Because all exhibitions at the House of Illustration are temporary, admission covers the whole building. I started with “Designed in Cuba,” which I was intrigued to see as I’ve always been keen on Soviet art, and I wanted to see how the art produced by their communist counterparts in Cuba measured up. The pieces in this exhibition was produced by Fidel Castro’s OSPAAAL (the acronym for the unwieldy Organisation of Solidarity of the People of Asia, Africa and Latin America) in the years following the revolution and included posters and magazines, primarily Tricontinental, which was used to disseminate communist propaganda around the world.

 

Cuban communist art was certainly much more exuberant than the Soviet variety, mixing in elements of Cuban culture as well as multiculturalism from around the world (many of the posters were for Days of Solidarity with [insert country here], and it frankly seemed like there were more days of solidarity than days in a year!), but I’m happy to report that I liked it just as much as the Soviet stuff.
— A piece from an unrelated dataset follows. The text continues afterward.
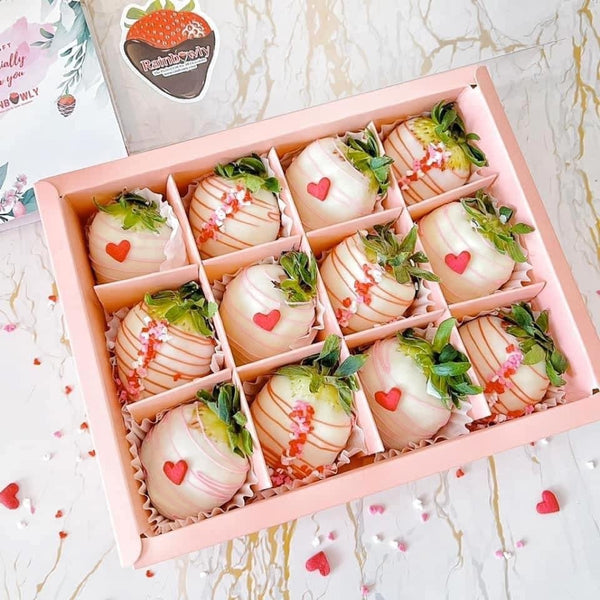 Valentines Day Special Dozen Chocolate Coated Strawberries - Rainbowly Fresh Fruit Gift and Flower Arrangments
There was a bit of Castro themed art but most of the work here was either celebrating other Asian, African, or Latin American countries, as one of the aims of OSPAAAL was to foster cooperation between non-Western countries; or was anti-American propaganda, which made me laugh, like the evil Nixon-eagle shown below.

The art here was also noteworthy because much of it was produced by female artists, who were given a more equal standing in OSPAAAL than female designers had received in pre-Castro Cuba. All in all, I think this was a very different and fascinating perspective on Cuba and mid-late 20th century Cuban art. None of this is to dismiss the way many of the Cuban people suffered under the Castro regime, but it is interesting to look at things from this angle rather than the one I was taught at school.

 

Before heading into the W.E.B. Du Bois exhibit, I had a quick look in the Quentin Blake Gallery, which features (you guessed it) pieces of work by Quentin Blake. Though it is always Blake’s work on display, the pieces and themes change every few months. This one had sketches from his studio, and my favourite ones were the series of people talking to animals. I have definitely had some earnest conversations with birds, so I can relate!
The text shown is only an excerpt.